Faiz—putra sastrawan Helvy Tiana
Rosa—adalah bukti keberhasilan orang tua mengajak anak untuk mencintai
sastra sekaligus kesahihan bahwa sastra tidak hanya mutlak dipelajari
oleh orang dewasa. Sastra menjadi jembatan (gate) orang tua menanamkan
nilai-nilai kesopanan, religiusitas, keindahan, yang beradab dan
berbudaya kepada sang anak.
Namun, yang terpenting sebelum
mengenalkan sastra kepada anak, harus diawali dengan mengajarinya
membaca. Yah, membaca adalah tahapan mula yang mesti dilakukan agar
sastra yang dipelajari menjadi menyenangkan. Ini yang pelik, karena
derasnya arus teknologi informasi dan komunikasi (TIK) ‘memaksa’ para
orang tua memanjakan anak dengan benda-benda berbau digital.

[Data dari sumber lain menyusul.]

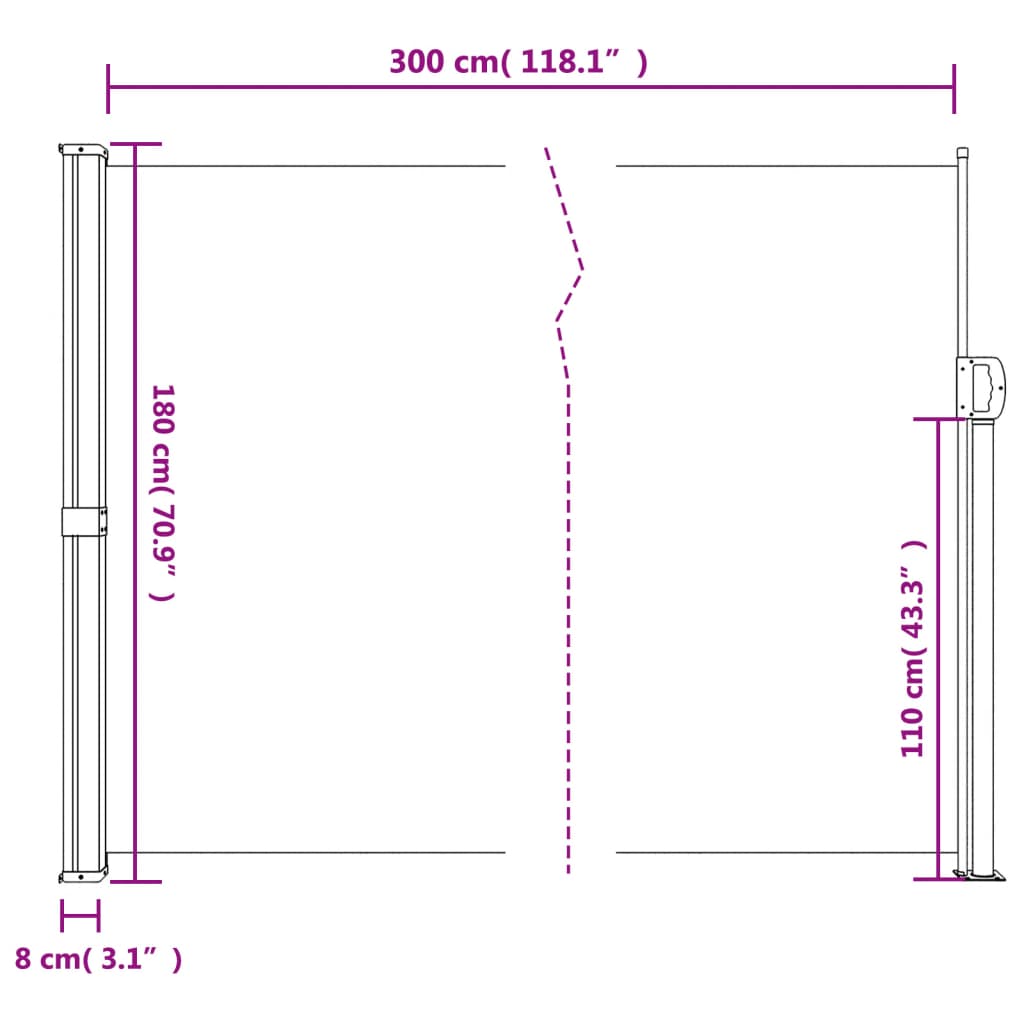 Toldo lateral retrátil 180x300 cm cinzento-acastanhado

Sedangkan,
di sisi lain para orang tua merasa kesulitan mengajak anak untuk mau
membaca.
Yang pertama harus dilakukan, buat ruang tidurnya bak
penuh dengan buku-buku. “Saya menyiasatin kamar anak saya dengan
tempelan di seluruh dinding dan atapnya dengan gambar rak buku, sehingga
yang terekam di otak mereka adalah buku,” papar sastrawan Helvy Tiana
Rosa saat menjadi pembicara Talkshow Sosialisasi Bersama Sastrawan 2012
bersama Kepala Perpustakaan Nasional Sri Sularsih, novelis Agnes Davonar
dan Dosen Sastra dari Universitas Negeri Jakarta (UNJ) Sam Muchtar
Chaniago yang dipandu presenter Vera Indriyani di Hotel Lumire, Jakarta,
Kamis, (22/11). Kegiatan tersebut dihadiri ratusan siswa-siswi SMP/SMU
se-jabodetabek, pustakawan dan masyarakat umum.
Tahapan
berikutnya ketika membacakan cerita jangan dituntaskan akhir ceritanya
(ending). Biarkan anak berimajinasi. “Hal itu membuat anak penasaran dan
memaksanya untuk membaca hingga selesai”, tambah Helvy. Helvy mengaku,
acapkali ia menerima lontaran pertanyaan kritis dari Faiz yang
membuatnya kagum. Dari situ, ia meyakini bahwa sastra sanggup mengajak
seseorang berpikir cerdas.
Di akui masyarakat kita belum memiliki
minat baca yang baik. Ini diperkuat dari temuan data Badan Pusat
Statistik di tahun 2009 yang menunjukkan indikasi minat baca masyarakat
Indonesia masih sangat rendah. Buku, belum menjadi sumber utama untuk
mendapatkan informasi. Rendahnya budaya membaca juga dirasakan para
pelajar dan mahasiswa. Perpustakaan—baik di sekolah maupun di
kampus—jarang dimanfaatkan secara optimal oleh siswa dan mahasiswa. Pun
demikian yang terjadi pada perpustakaan-perpustakaan di daerah yang
minim pengunjung.
Kepala Perpustakaan Nasional Sri Sularsih
mengakui perkembangan teknologi saat ini berperan dalam berkurangnya
minat generasi muda mendatangi perpustakaan. untuk itu, Kepala Perpusnas
meminta agar orang tua, guru, dan para pemangku kebijakan di daerah
mendorong generasi mdua mengunjungi perpustakaan.
Pengembangan
perpustakaan dan koleksinya harus terus dilakukan untuk membuat siswa
sukarela datang ke perpustakaan. “Sekolah wajib menganggarkan 5% dari
anggaran operasional untuk pengembangan perpustakaan” kata Sri dihadapan
peserta sosialisasi. Seperti diketahui membaca adalah hal yang sangat
penting bagi kemajuan suatu bangsa. Parameter kualitas sebuah bangsa
dilihat dari kondisi pendidikannya dan itu tidak terlepas dari
pentingnya membaca. Ilmu-ilmu yang ada di referensi, misalnya buku,
hanya bisa didapat dari membaca.
Pernyataan tersebut diperkuat
Dosen Fakultas Bahasa dan Sastra UNJ Sam Muchtar Chaniago yang
mengatakan bahwa persoalan membaca merupakan problem manusia sejak dulu.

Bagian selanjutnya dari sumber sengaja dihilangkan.